• **About this exercise**
Word for word, restate each of the entries below, and drop every picture.
Data shown section start
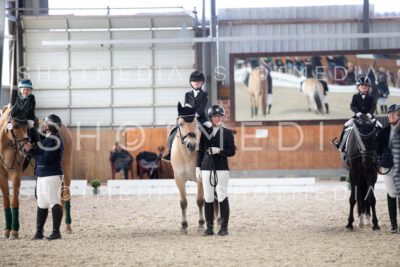 0219-250607-163943-Fuehrzuegel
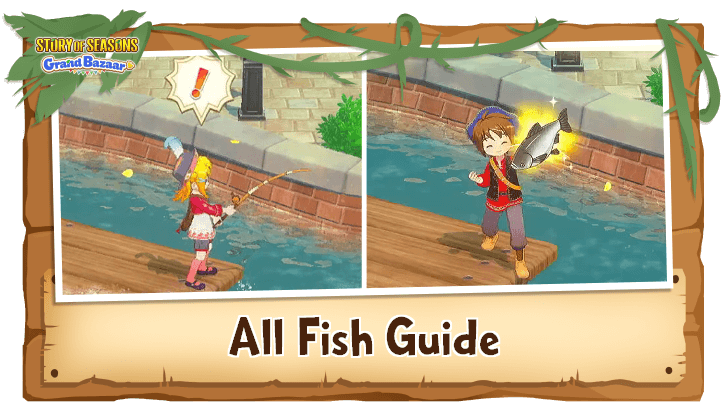 Story of Seasons: Grand Bazaar - All Fish and How to Get Guide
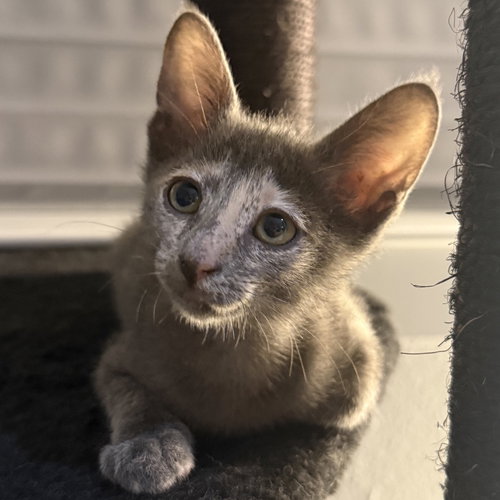 Malbec, Baby Domestic Short Hair, cat for adoption in Hurst, Texas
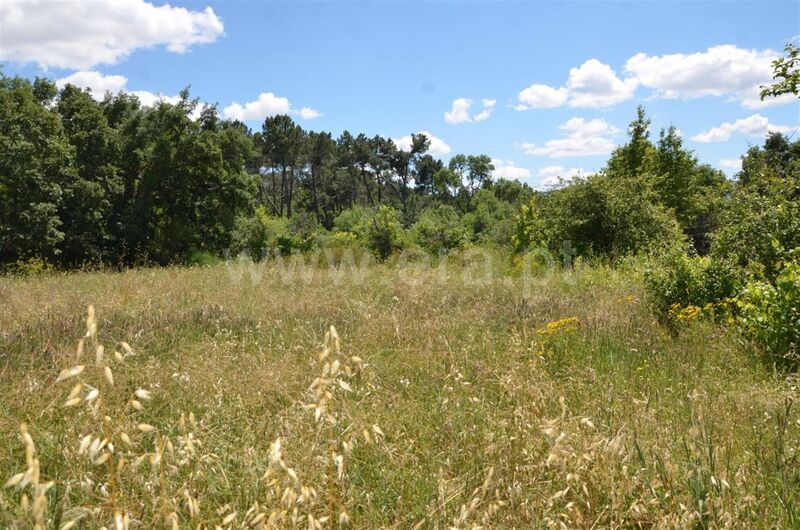 Terreno Agrícola com 3200m2 Fatela Fundão - poço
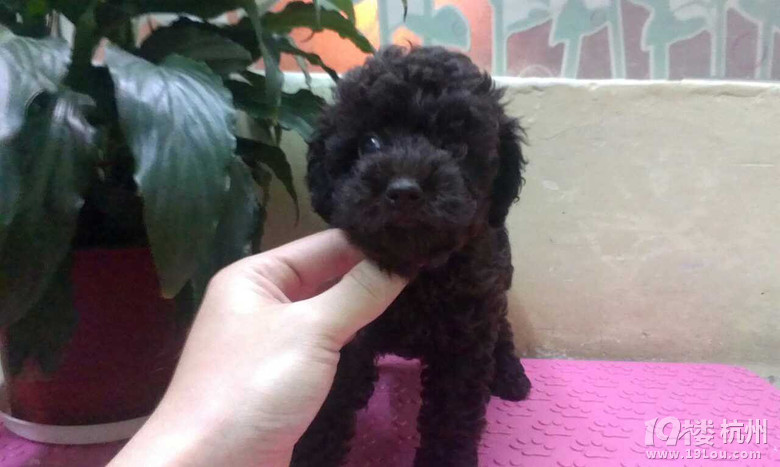 白<em>妹子巧妹子</em>,我们都是好妹子-家有宠物-杭州1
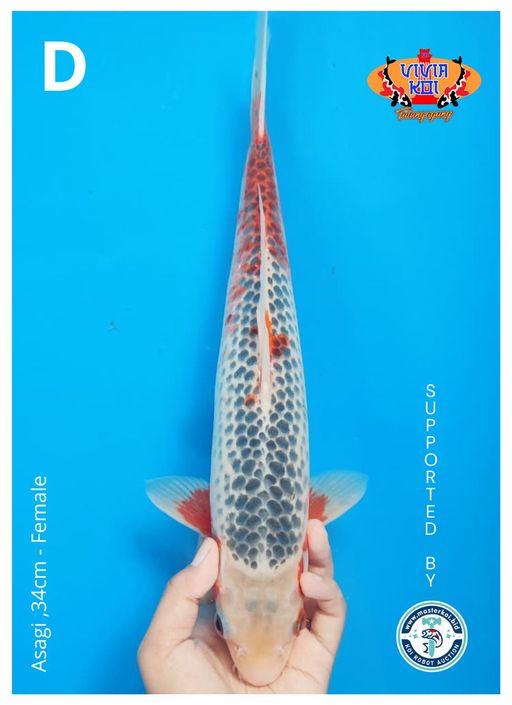 Lelang Koi Online, Jual Beli Ikan Koi, Pusat Jual Beli Koi, Info Lelang Koi Hari Ini, Platform Jual Beli Koi, Jual Beli Ikan Koi Online, Marketplace Ikan Koi, Jual Koi Terbaik, Tempat Beli Koi Berkualitas, Pasar Ikan Koi Online Terpercaya, Penjual Ikan Koi Terpercaya, Beli Koi Hias Online, Ikan Koi untuk Dijual, Koi Kualitas Terbaik, Toko Online Ikan Koi, Koi Hias Untuk Dijual, Jual Beli Ikan Koi Lokal, Koi Indonesia Online, Pusat Jual Beli Koi Terbesar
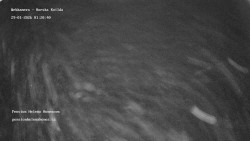 Pension Helena Honesová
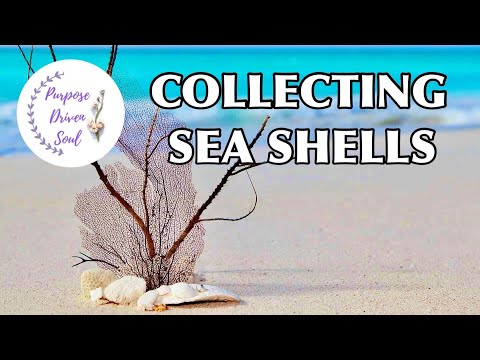 RELAXING MEDITATION MUSIC 34: Collecting sea shells is my treasured form of simple things & peace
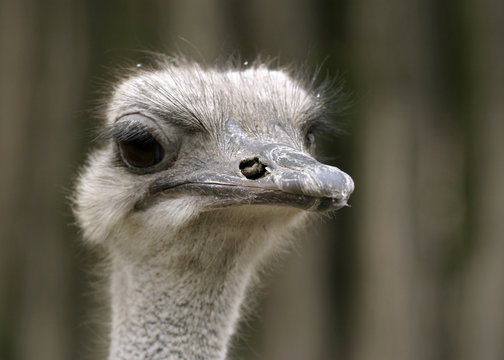 Close-up on a ostrich's head. Ostrich portrait.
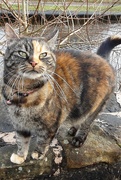 25th Jan 2024 - My friendly canal side Tabby cat. Near the Leeds Liverpool canal. Rishton. 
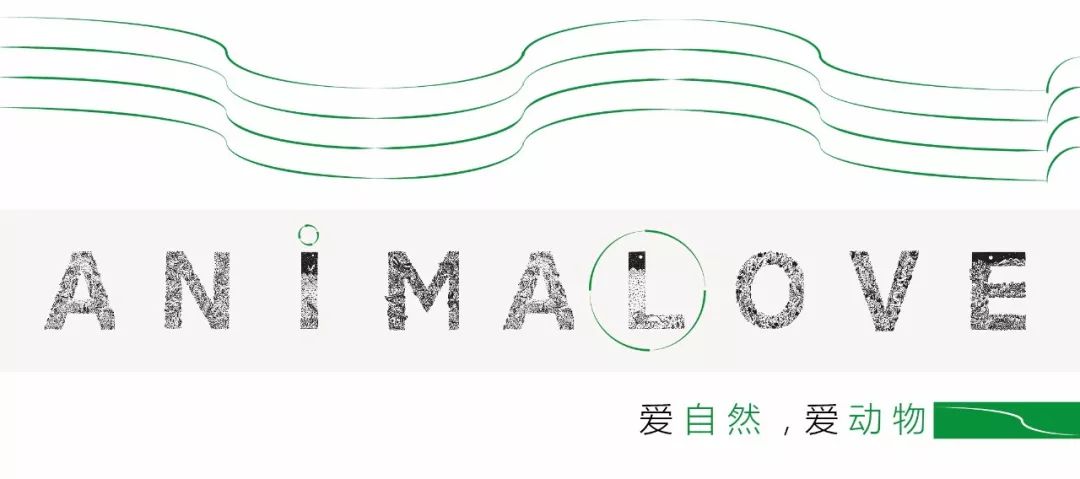 鸟和人类基因相似度多少,鸟和猫的智商哪个高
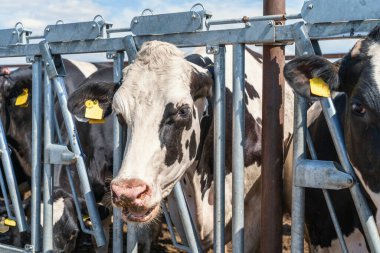 Çiftlikteki inekler açık hava ahırında. Süt sağan sığırlar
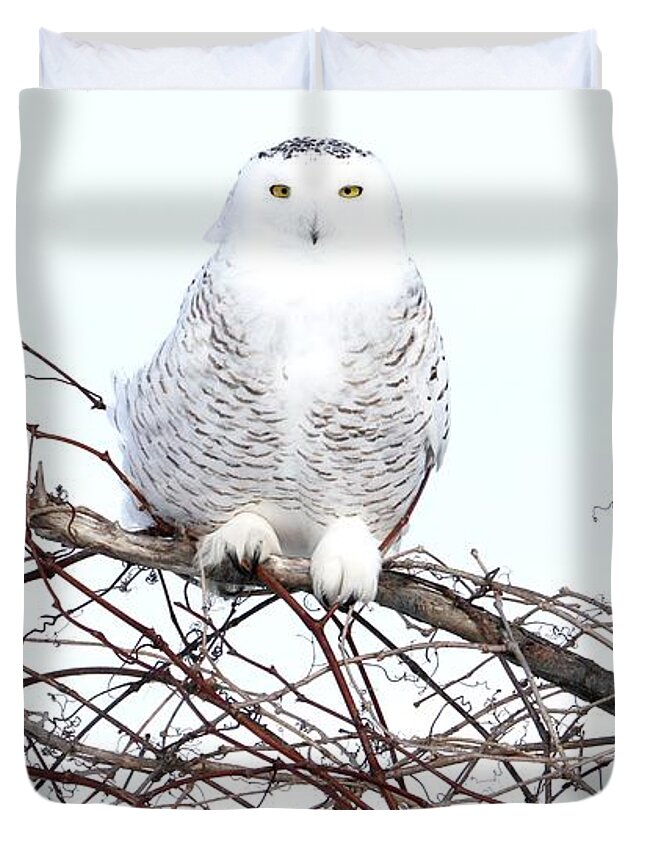 Snowy Owls Duvet Cover featuring the photograph The vineyard by Heather King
Data shown section end
• **Expected answer**
 0219-250607-163943-Fuehrzuegel
 Story of Seasons: Grand Bazaar - All Fish and How to Get Guide
 Malbec, Baby Domestic Short Hair, cat for adoption in Hurst, Texas
 Terreno Agrícola com 3200m2 Fatela Fundão - poço
 白<em>妹子巧妹子</em>,我们都是好妹子-家有宠物-杭州1
 Lelang Koi Online, Jual Beli Ikan Koi, Pusat Jual Beli Koi, Info Lelang Koi Hari Ini, Platform Jual Beli Koi, Jual Beli Ikan Koi Online, Marketplace Ikan Koi, Jual Koi Terbaik, Tempat Beli Koi Berkualitas, Pasar Ikan Koi Online Terpercaya, Penjual Ikan Koi Terpercaya, Beli Koi Hias Online, Ikan Koi untuk Dijual, Koi Kualitas Terbaik, Toko Online Ikan Koi, Koi Hias Untuk Dijual, Jual Beli Ikan Koi Lokal, Koi Indonesia Online, Pusat Jual Beli Koi Terbesar
 Pension Helena Honesová
 RELAXING MEDITATION MUSIC 34: Collecting sea shells is my treasured form of simple things & peace
 Close-up on a ostrich's head. Ostrich portrait.
 25th Jan 2024 - My friendly canal side Tabby cat. Near the Leeds Liverpool canal. Rishton. 
 鸟和人类基因相似度多少,鸟和猫的智商哪个高
 Çiftlikteki inekler açık hava ahırında. Süt sağan sığırlar
 Snowy Owls Duvet Cover featuring the photograph The vineyard by Heather King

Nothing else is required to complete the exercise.